START Entries shown
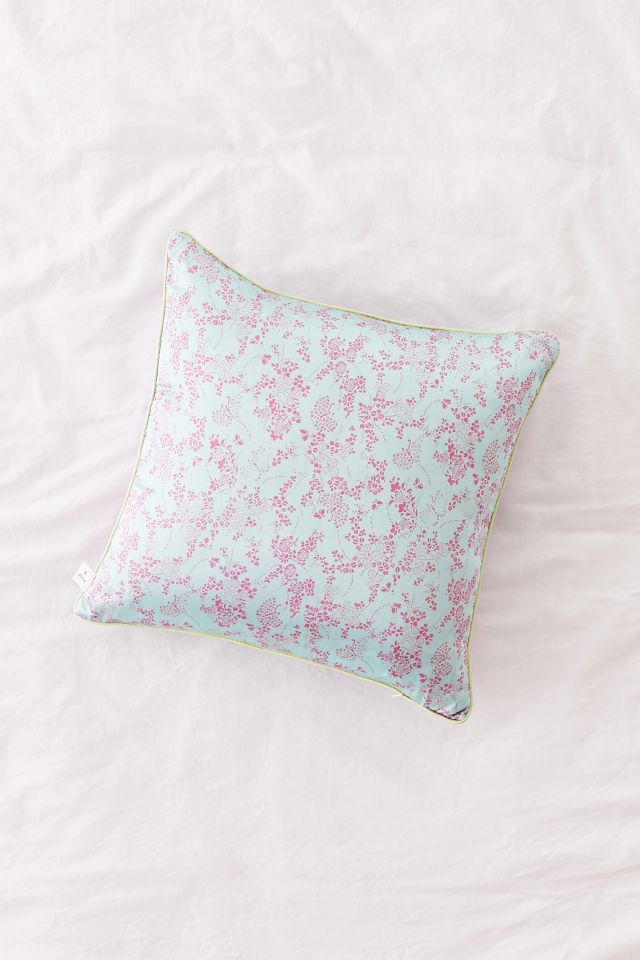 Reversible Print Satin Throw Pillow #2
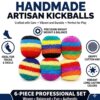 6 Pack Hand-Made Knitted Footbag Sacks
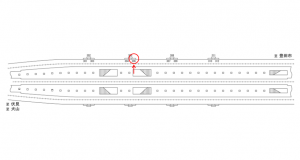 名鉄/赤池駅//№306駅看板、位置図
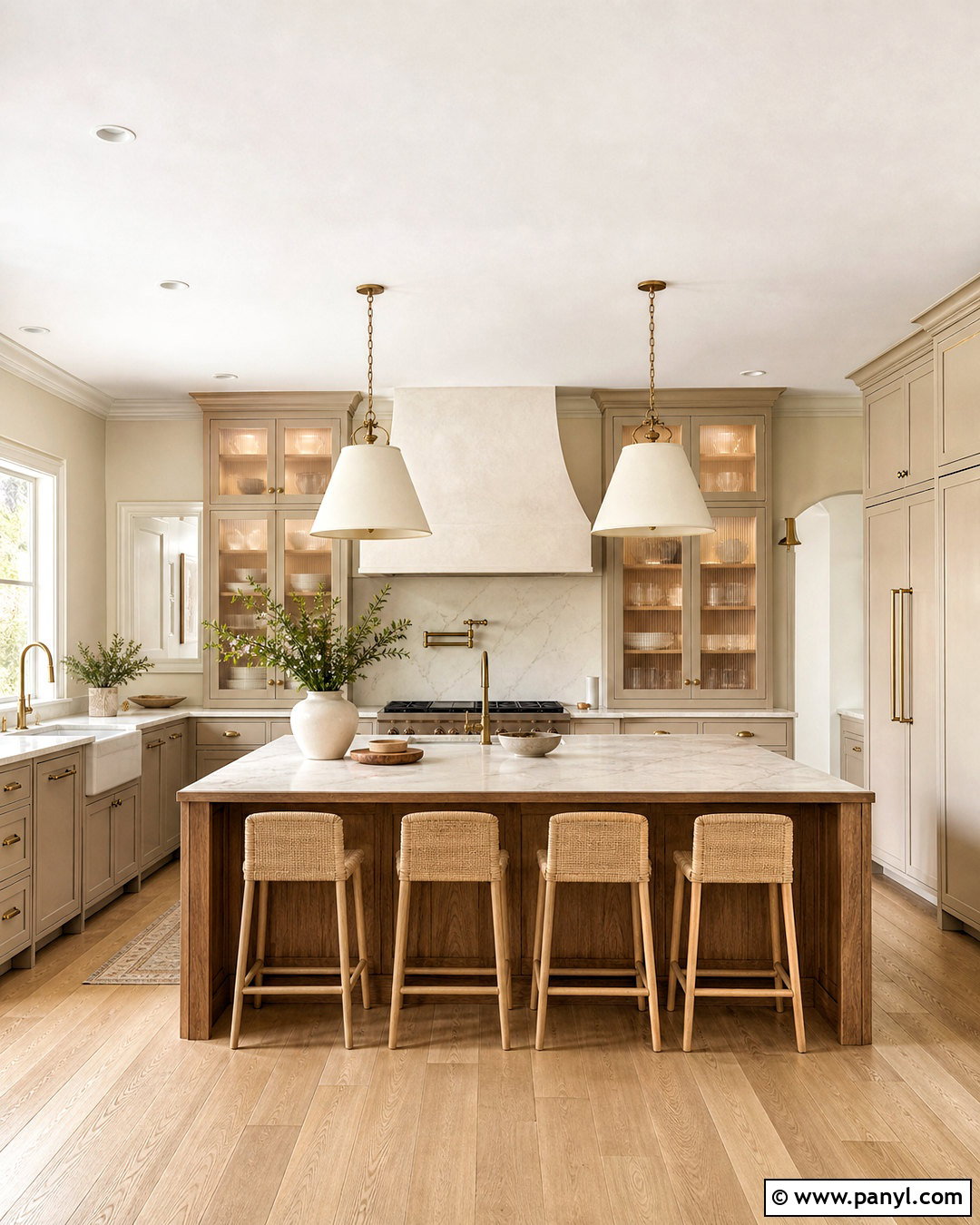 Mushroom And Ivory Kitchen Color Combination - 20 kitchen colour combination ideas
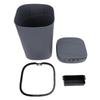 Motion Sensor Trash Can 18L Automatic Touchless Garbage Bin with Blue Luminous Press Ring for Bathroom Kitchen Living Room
END Entries shown
What to do:
Every line above should be repeated exactly; pictures stay out of the copy.

Answer to this task:
 Reversible Print Satin Throw Pillow #2
 6 Pack Hand-Made Knitted Footbag Sacks
 名鉄/赤池駅//№306駅看板、位置図
 Mushroom And Ivory Kitchen Color Combination - 20 kitchen colour combination ideas
 Motion Sensor Trash Can 18L Automatic Touchless Garbage Bin with Blue Luminous Press Ring for Bathroom Kitchen Living Room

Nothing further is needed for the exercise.